Potpourri and St. Jerome

In Omaha, at one of those “suites and things” hotels. Horrible burger last night. Gin was watered down too. Today, and for the next several days, I will be holding a non-jury trial in a contract dispute. My task: Make an ambiguous contract clear. At least this week, I don’t have to look forward to sentencing a kid with a criminal record starting at nine to a term of years that almost mirrors his age. Next Monday, leave for Australia but, before climbing aboard Qantas, have to wrestle with a motion in a child porn case that starts the first business day after my return from the land down under. As St. Jerome was fond of saying: fac et aliquid operis, ut semper te diabolus inveniat occupatum.


14 responses

  1. I read this blawg daily Judge, and you never cease to amaze! Now I’m learning Latin too.

    I live and practice in Connecticut, but I’m also admitted in Delaware. Delaware has mandatory CLE (CT does not).

    Last Friday I attended the 20th Annual Walsh-Rubenstein Ethics Seminar.
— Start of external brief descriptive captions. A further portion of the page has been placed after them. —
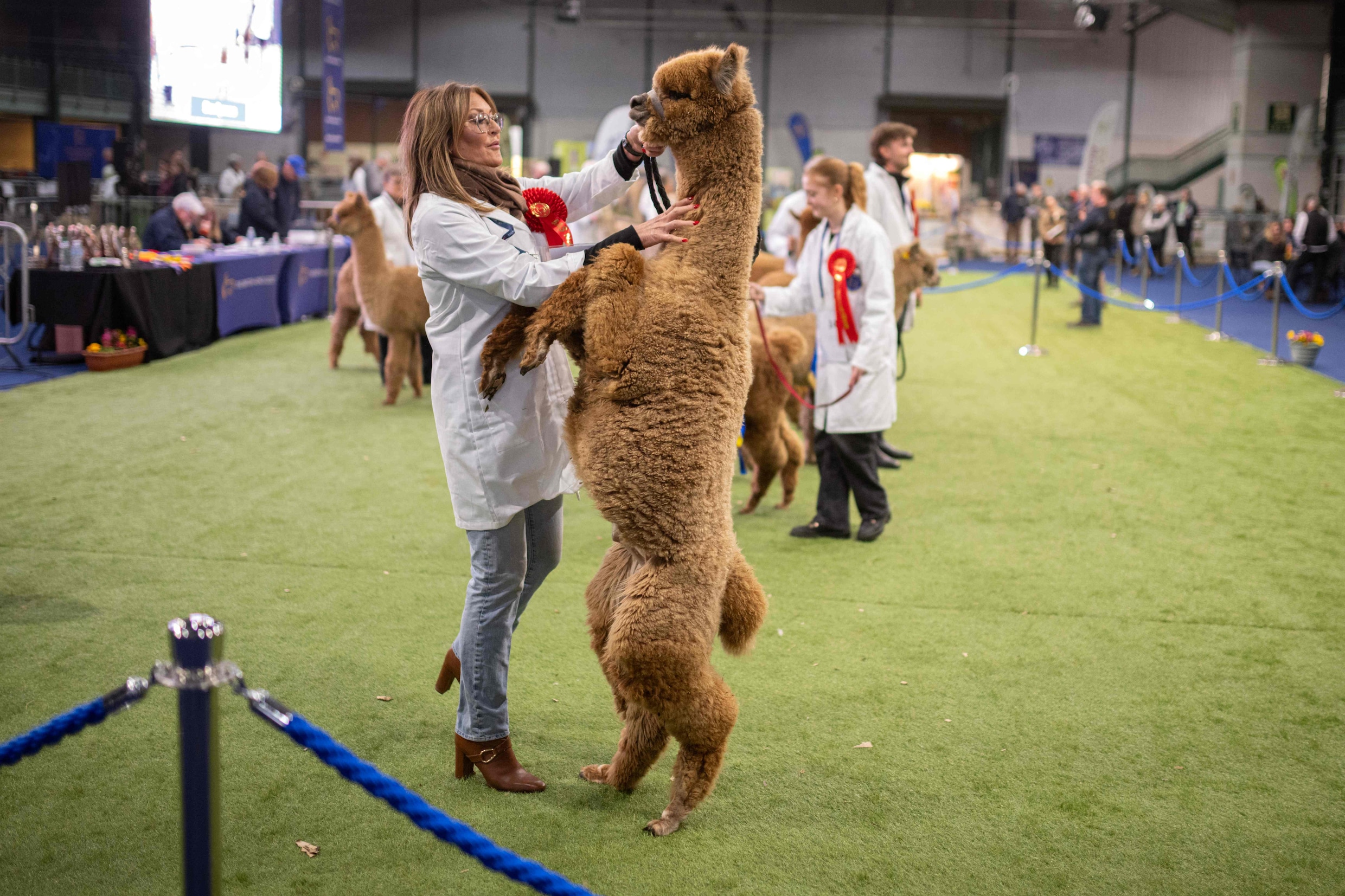 Het einde van de ramadan en een grote alpaca-show in Engeland; dit zijn ...
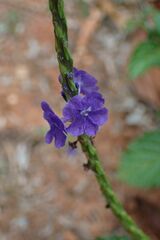 Stachytarpheta cayennensis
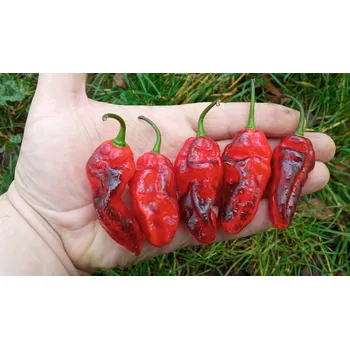 Semeno chilli-semena Pimenta Chris Fat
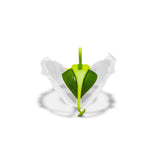 Dreamfarm Clear/Green Silicone/Polypropylene Savel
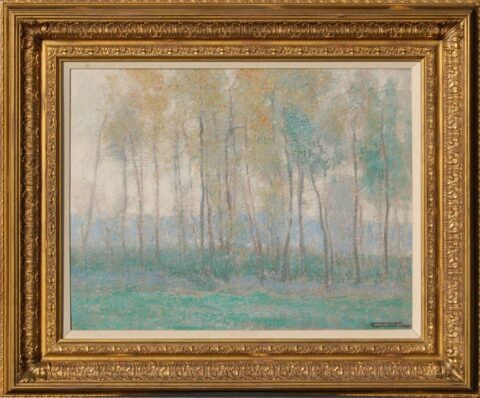 Brume D' Automne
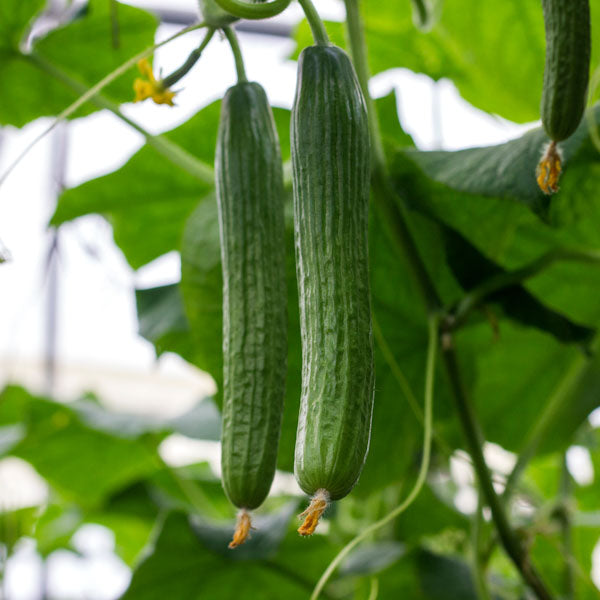 Cucumber - Burpless Tasty Green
During lunch I had the pleasure of sitting next to Harvey Rubenstein and some other gentlemen of the bar. (Yes- I’m getting to the point of the story).

    During lunch I was shocked to learn that decades ago Delaware required a certificate of aspiring lawyers attesting to their knowledge of Latin. At the table one of the attorneys was explaining that he had to go to his weekly Latin class with one of the local Catholic priests. Eventually he got his certificate and was allowed to sit for the bar exam.

    Does the Nebraska bar require fluency in Latin as well, or is that just required of its federal judges?

  2. Dear Anon.,

    In Nebraska, there is no requirement that you know Latin to pass the bar exam. However, you must be able to speak survival English.

    All the best.


  3. I’m less interested in the idle hands than the hamburger. How is it possible to get a bad one in Omaha? Didn’t they invent burgers there?

  4. Actually, the hamburger was invented in Athens, TEXAS, in 1880 by Fletcher Davis. The NY Times article about Louis’ Lunch related that the burger came from an “unknown” vender at the 1904 World Fair.

    Frank X. Tolbert, Texan and founder of the World Chilli Championship in Terlingua, researched the matter and found that the unknown vendor was Davis.

    Louis’ Lunch didn’t start until much later than Davis’s cafe.

  5. Have a great trip, which I’ll bet you will enjoy to its fullest. (I am not trying to hide – your blog has apparently decided to call me “anonymous.”)

  6. But did Louis know he could save 15% in 15 minutes?

    On a less serious note: Judge, enjoy your time with your grandchildren. Few joys equal the warmth of their hugs

  7. You were served a watered down martini?!? There is a crime that deserves a base sentence level in the 30’s. I am outraged.

    Now if you wasted gin on a gin and tonic, well, the restaurant is still at fault but my outrage is tempered by the waste of gin.